Now copy this other bash script. Note how it is very similar to the above one.
#!/bin/bash
function get_md5_for_file {
# Return the MD5 checksum of a file, stored in the md5cs
# extended attribute.
md5cs=` mdls -raw -name md5cs "$1" `
if [ $md5cs = "(null)" ]
then
# If the attribute hasn't been created, do it now for future queries
md5cs=` md5 -q "$1" `
xattr -w com.apple.metadata:md5cs $md5cs "$1"
fi
echo $md5cs
}
function navigate_directory {
cd "$1"
for anItem in *
do
if [ -d "$anItem" ]
then
navigate_directory "$anItem"
else
# If $anItem is a file, get the md5 checksum, search for it
# using mdfind, and count the number of hits.
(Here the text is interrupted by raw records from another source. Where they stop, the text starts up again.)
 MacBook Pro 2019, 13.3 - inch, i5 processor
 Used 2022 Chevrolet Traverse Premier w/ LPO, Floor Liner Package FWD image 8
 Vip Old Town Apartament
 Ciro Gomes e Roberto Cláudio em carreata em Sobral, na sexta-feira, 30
md5cs=`get_md5_for_file "$anItem"`
numDupes=`mdfind -count "md5cs == '$md5cs'"`
if [ $numDupes -gt 1 ]
then
# The file has at least one dupe.
# List them all in the results file.
echo $md5cs\ $numDupes\ $anItem >> ~/search_results.txt
echo \ `mdfind "md5cs == '$md5cs'"` >> ~/search_results.txt
else
# This is optional: all non-dupes are listed in the
# uniques file.
echo $md5cs\ $anItem >> ~/search_uniques.txt
fi
fi
done
cd ..
}
if [ $# -eq 1 ] && [ -f "$1" ]
then
# If the input is a normal file, get its MD5 checksum and launch a
# Spotlight search for it in a Finder window.
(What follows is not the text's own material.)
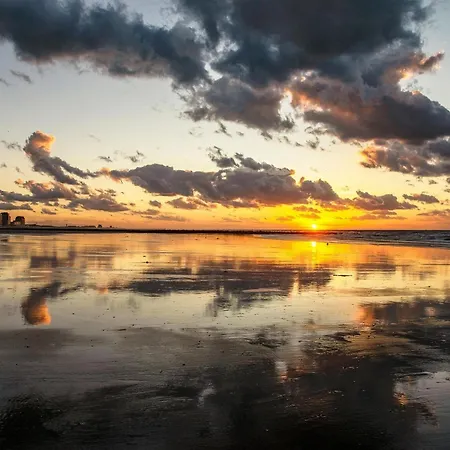 Ideal By The Sea *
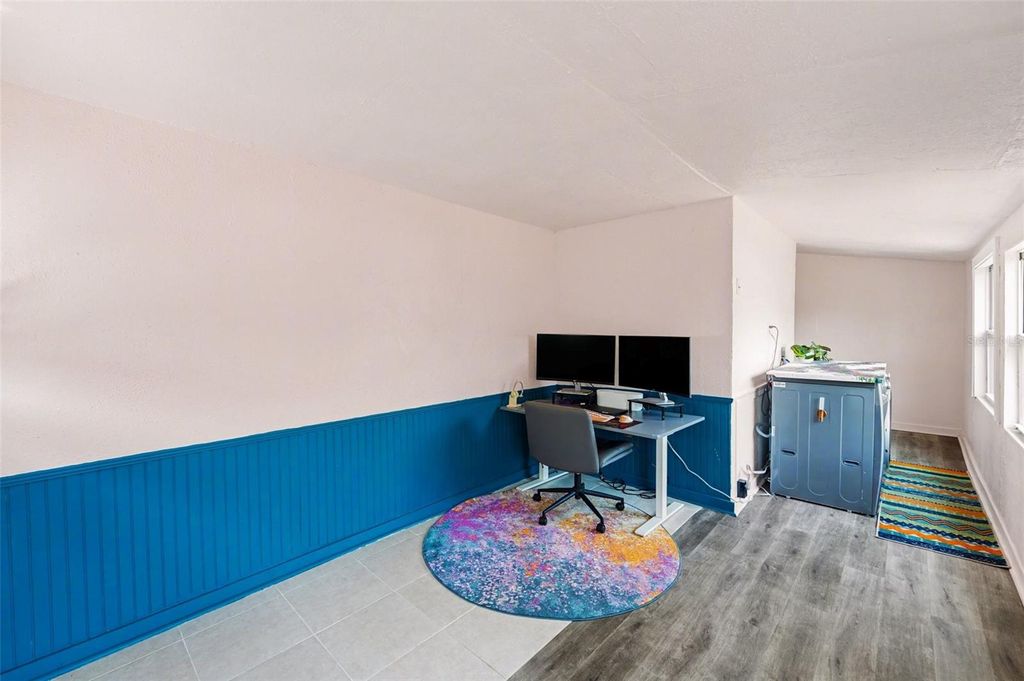 Image 19 of property listing at Address unavailable.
md5cs=`get_md5_for_file "$1"`
echo $md5cs | pbcopy
osascript /path/to/script/start_find.scpt
pbpaste
echo "$@"
else
for anItem in "$@"
do
#echo $anItem
navigate_directory "$anItem"
done
fi
Sorry for the sparse comments and the crudeness of the code. The second script basically takes the input and (if the input is several files or one or more directories) crawls through it identifying which files have one or more dupes anywhere in the system (not only on the selected dirs), and saves those results in a text file. To use it, you identify a directory (or directories) on which you wish to search for dupes.
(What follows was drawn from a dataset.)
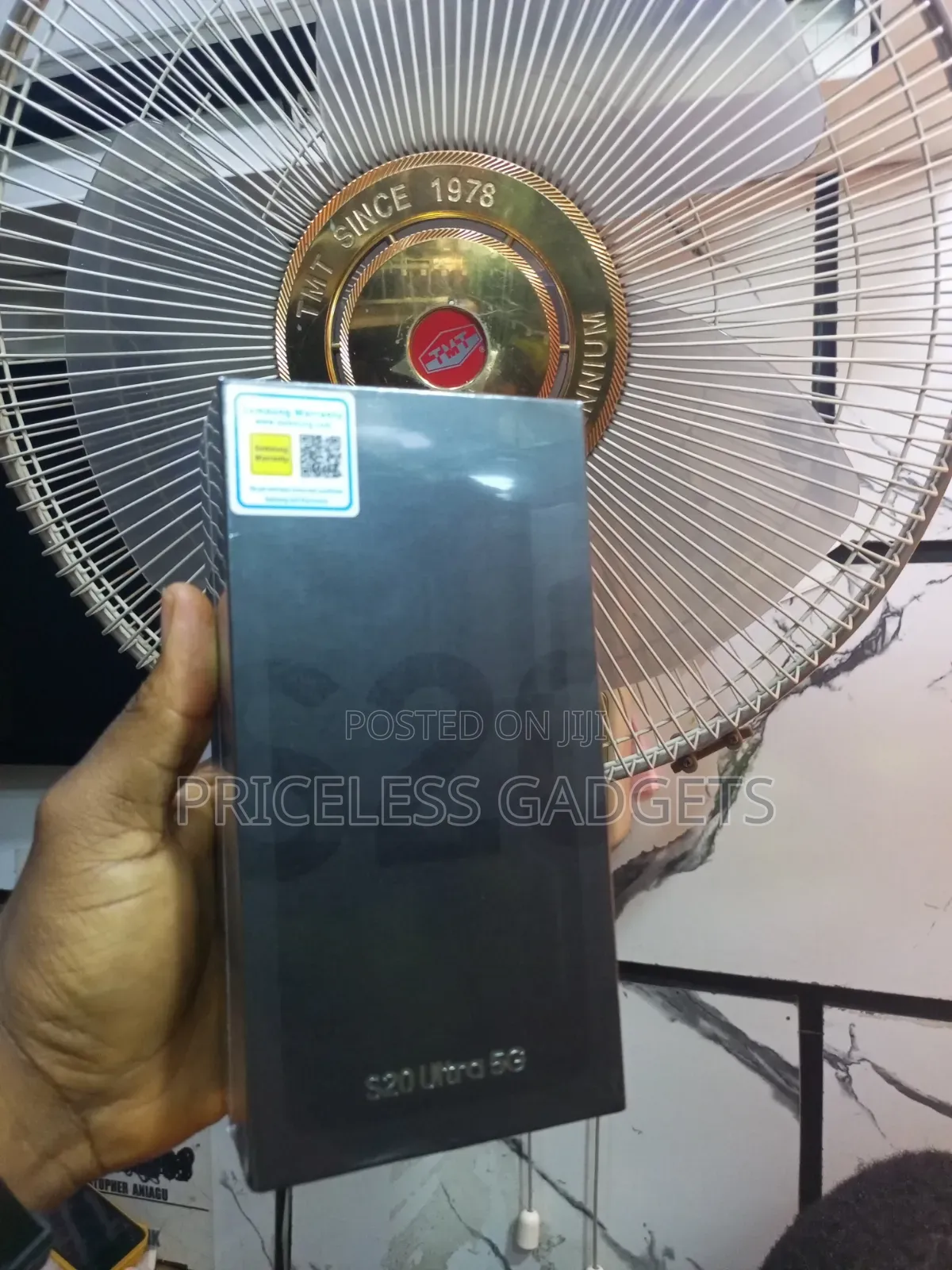 New Samsung Galaxy S20 Ultra 256 GB Black
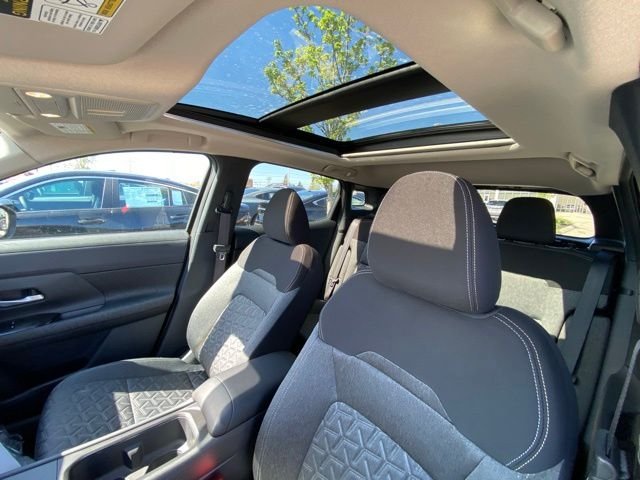 New 2026 Aspen White TriCoat / Super Black Two-tone Nissan SV image 23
It has a bonus: if the input is a single file, it will perform a Spotlight search for its dupes in a Finder window, but for that you need to save this AppleScript (its the start_find.scpt called by osascript above):
tell application "Finder" to activate
tell application "System Events"
click menu item "New Finder Window" of ((process "Finder")'s (menu bar 1)'s
(menu bar item "File")'s (menu "File"))
end tell
tell application "System Events"
click menu item "Find" of ((process "Finder")'s (menu bar 1)'s
(menu bar item "File")'s (menu "File"))
end tell
tell application "System Events"
click menu item "Paste" of ((process "Finder")'s (menu bar 1)'s
(menu bar item "Edit")'s (menu "Edit"))
end tell
Another bonus: you can save the second script as a service made with Automator: remove the #!/bin/bash line, and paste it in a "Run Shell Script" Action (/bin/bash shell), Service receives selected files or folders in Finder.app. Then, you can select the target files/dirs in the Finder and run the service from the contextual menu (right click or control-click).
Caveats:
I have tested this only in Snow Leopard.
MD5 does not guarantee that all hits are really duplicates, so to prevent the very unlikely event of a collision (two files that happen to have the same MD5 in spite of being different) you may want to do additional checks for size, etc, or just verify the supposed dupes manually before nuking them.
And finally, again, this technique uses several Mac OS X exclusive features, you will need to adapt it to your system's matching features.